Question

in the given figure ABCD is a Quadrilateral. Prove that ar(quad. ABCD) =1/2*BD*(AM+CN), where AM and CN are perpendiculars on diagonal BD.

Answer 1

In∆ABD,
AM is height and BD is base
Area of ∆ADB=1÷2×base×height
=1÷2×AM×BD___(1)
In ∆CBD,
CN is height and BD is base
Area of ∆CBD=1÷2×base×height
=1÷2×CN×BD___(2)
AREA of ABCD=Area of ∆ADB+Area of CBD
=1÷2×AM×BD+1÷2×CN×BD
=1÷2×BD×(AM+CN)

Answer 2

Area(quad. ABCD) = $\frac{1}{2}\times \text{BD} \times (\text{AM + CN)}$.

Step-by-step explanation:

We are given the following figure in which ABCD is a Quadrilateral.

To prove: ar(quad. ABCD) =1/2*BD*(AM+CN), where AM and CN are perpendiculars on diagonal BD.

As we can see that in the figure; there are two triangles ABD and BCD.

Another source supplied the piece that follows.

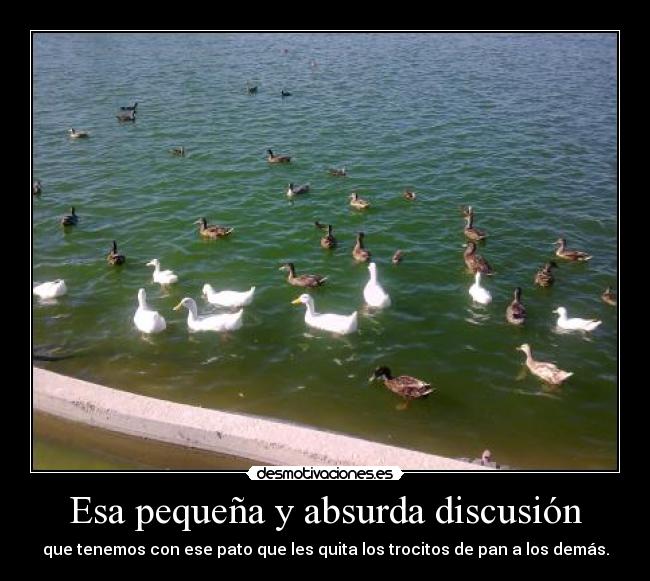 Esa pequeña y absurda discusión -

Firstly, considering the triangle ABD;

The area of the triangle ABD = $\frac{1}{2}\times \text{Base} \times \text{Height}$

                                                 = $\frac{1}{2}\times \text{BD} \times \text{AM}$

Similarly, considering the triangle BCD;

The area of the triangle BCD = $\frac{1}{2}\times \text{Base} \times \text{Height}$

                                                = $\frac{1}{2}\times \text{BD} \times \text{CN}$

Now, adding both the areas of triangles, we get;

Area(ABD) + Area(BCD) = $\frac{1}{2}\times \text{BD} \times \text{AM}$ + $\frac{1}{2}\times \text{BD} \times \text{CN}$

Area(quad. ABCD) = $\frac{1}{2}\times \text{BD} \times (\text{AM + CN)}$

Hence, proved.